A computer must process audio in regular intervals: Read N samples from the soundcard, process the audio, send it back out.
If processing takes longer than the time corresponding to the given number of audio-samples, the input buffer will overflow and the output buffer underrun and there's a glitch in the audio (crackles, pops, ...).

If a system cannot reliably meet the process deadline, you'll get x-runs, where "X" is a placeholder for "audio/midi buffer over/under".

You can right click on the status-bar (next to DSP load,...) and show "x-run counter". Shift+click to reset it.
The DSP-load indicator shows max ( time-required-to-process-an-audio-block / duration-of-the-audio-block ). It displays the worst-case maximum (not average) over the last 10 seconds (or so). You're good as long as it's below 100%.

Increasing the buffersize (Audio/Midi setup) usually helps, but there is no straight-foward recipe to tweak a generic PC system for realtime-safety (realtime safe means that a system can reliably meet the process deadline). It's also not unheard of that there's a sweet-spot for a given system and buffersizes/sample-rates (esp for USB).

Disabling some power-saving options (e.g C1E halt states in the BIOS, set the system to "performance", etc) can help, using a different USB/PCI slot for the soundcard (IRQ sharing), .. configuring the software to only use one core (results in consistent load, rather than variable load on multiple CPUs -> some CPUs enter sleep/powersafe modes).
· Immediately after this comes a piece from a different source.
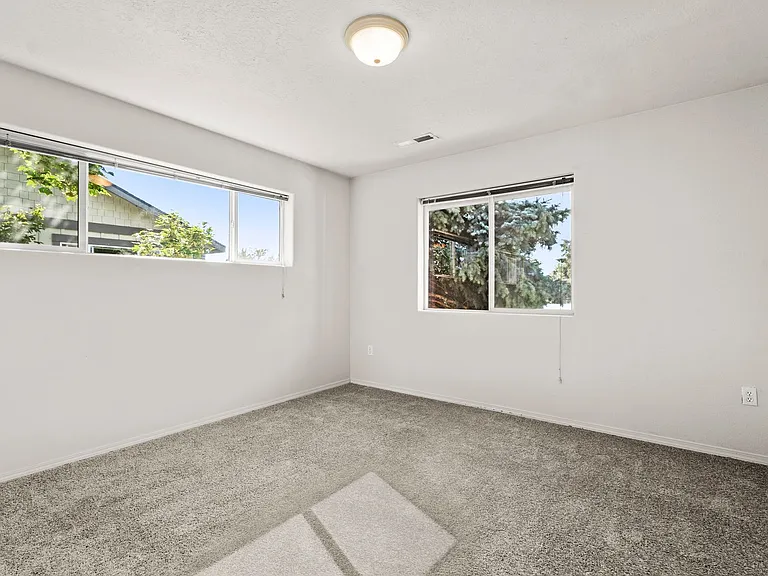 2 Bed/1 Bath in 55+ Independent Living Community — Photo 10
This is where Apple has an edge: one knows exactly what hardware is in the box, how it's wired up and how it behaves. It's also how some PC vendors make a living e.g. carillonac1.com, the ADK Pro Audio that you mentioned or the Harrison x-range hardware: hand-pick and properly assemble components suitable for realtime audio.
Some further info: http://manual.ardour.org/setting-up-your...tal-audio/


PS. an x-run can also occur for non-realtime operations (eg. adding a plugin, add tracks,...). This is normal. Analogy: Insert a distortion between a guitar and an amp while playing: the audio will glitch while you re-plug the cables.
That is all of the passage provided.